> _INFORMATION PROVIDED_:
□ □ □ □ □ □ □

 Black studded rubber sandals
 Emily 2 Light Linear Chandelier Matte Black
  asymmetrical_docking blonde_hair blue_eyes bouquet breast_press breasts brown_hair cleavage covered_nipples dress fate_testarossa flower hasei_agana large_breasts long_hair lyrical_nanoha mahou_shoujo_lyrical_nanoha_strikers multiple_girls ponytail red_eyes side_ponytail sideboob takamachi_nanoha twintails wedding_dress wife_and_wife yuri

□ □ □ □ □ □ □

> _PROBLEM TO WORK ON_:
Using the material above, find each line that holds "Black" and copy that line.

> _REPLY TO THE TASK_:
 Black studded rubber sandals
 Emily 2 Light Linear Chandelier Matte Black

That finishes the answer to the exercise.